Le comportement ibérique autour d’un guéridon de goûts étant différent de celui du pays de René Coty, le partage des entrées était la clé du succès pour accentuer la notion d’hospitalité. Nous allions taper dans le cornet du voisin comme chez l’organisateur d’un collectif coquin. Savoir honorer son prochain d’une franche mastique est signe de respect et de considération. Allons-y gaiement ! Deux bougres se tournaient vers des artichauts frits au jambon, tandis que la troisième larronne, plongeait attraper des langoustines gratinées. Que du bon. Connaissant l’auberge bénite, même dur de la feuille, l’appel de chardon cultivé n’a rien d’insolite. Pour ce qui était du crustacé, suçoter ses pinces fut une expérience nouvelle, dont je comptais profiter de façon appliquée. La première bouteille de rouge siphonnée, nous attendions nos prologues avec des airs de carnassiers.

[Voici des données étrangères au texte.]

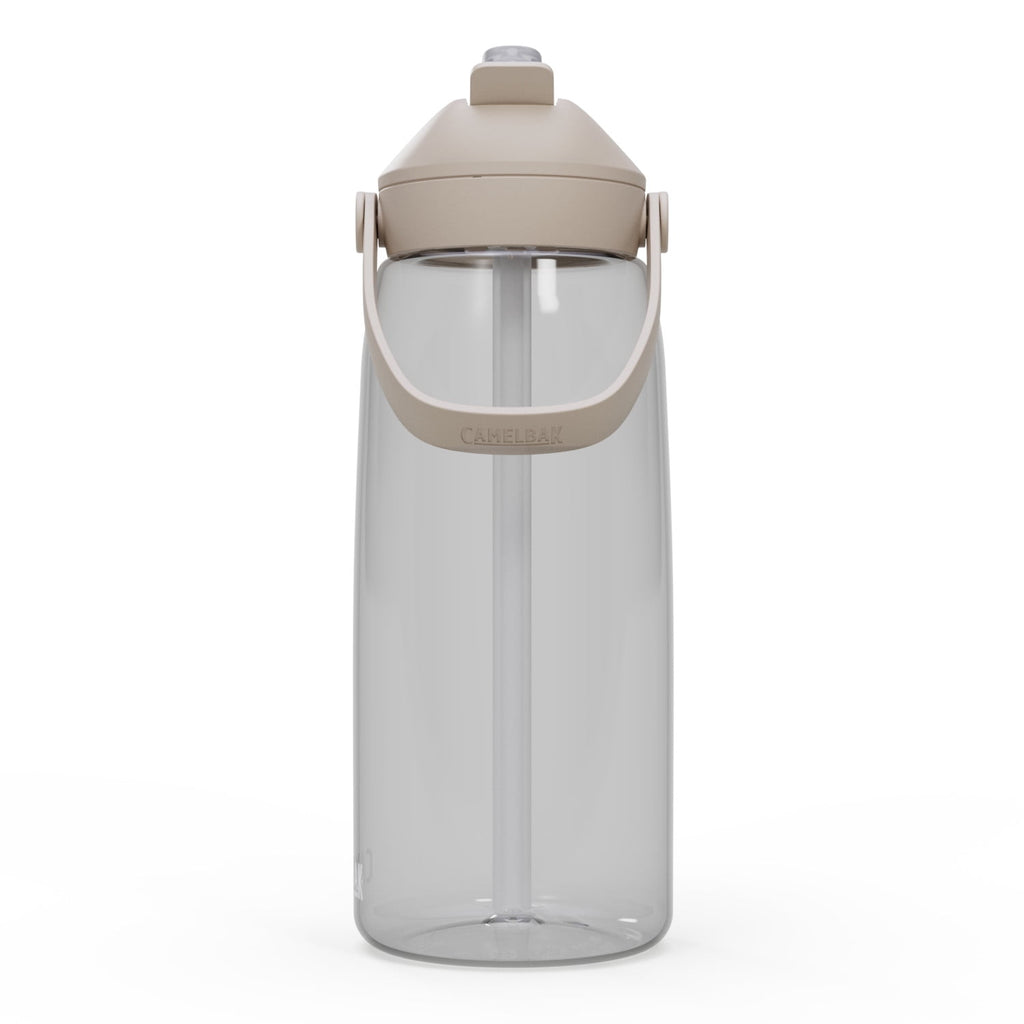 Camelbak Thrive™ Flip Straw Water Bottle 32oz, Clear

Oh mazette ! La vaisselle blanche soutenait des coquineries qui me faisaient impulsivement dresser la branche. Je paraissais instinctivement emporté d’une fièvre incontrôlable. Quel bonheur cette avalanche. Les écuelles se présentaient en milieu de table, faisant la jonction entre nos énergies affables. Les artichauts semblaient en paix, recouverts d’une couette translucide se nommant jambon rêvé. Et que dire de l’animal marin, aspergé d’un jus de félicité comme un œuf souillerait le crâne d’un député. Ce bijou se gobichonnait avec les doigts, avec l’espoir d’être maculé de joie sans se tacher la courroie. Mes boudoirs de pianiste décortiquaient la proposition iodée, avec la méticulosité d’un chirurgien chevronné. J’atteignais enfin la chair, que je découvrais aussi délicate que ma kiné avec mes lombaires. Que dire de cette préparation gratinée, entourant la langoustine avec la chaleur d’une famille endeuillée autour d’un macchabée. Je vous le promets mes divins esturgeons, nous nous trouvions bien dans un lieu à la délicieuse connotation.

La suite garantissait l’excellence, puisqu’une saignante de plus d’un kilo allait finir par nous remplir la panse. Mais véritablement ce midi-là, la révélation venait des habitantes des terriers vaseux, ces crustacés que j’avais aimé et qui m’avaient rendu chanceux. Dieu sait que dans ma jeune vie, j’en ai liché des aquatiques nageurs, mais rarement avec cette si admirable saveur. Nous sortions de table en milieu d’après-midi, avec des sourires d’Antillais devant une prestation de zoukeurs. Mes farouches asticots, je vous l’avais dit, il est impossible de résister à la langoustine lorsqu’elle a la queue qui s’érige devant vos canines.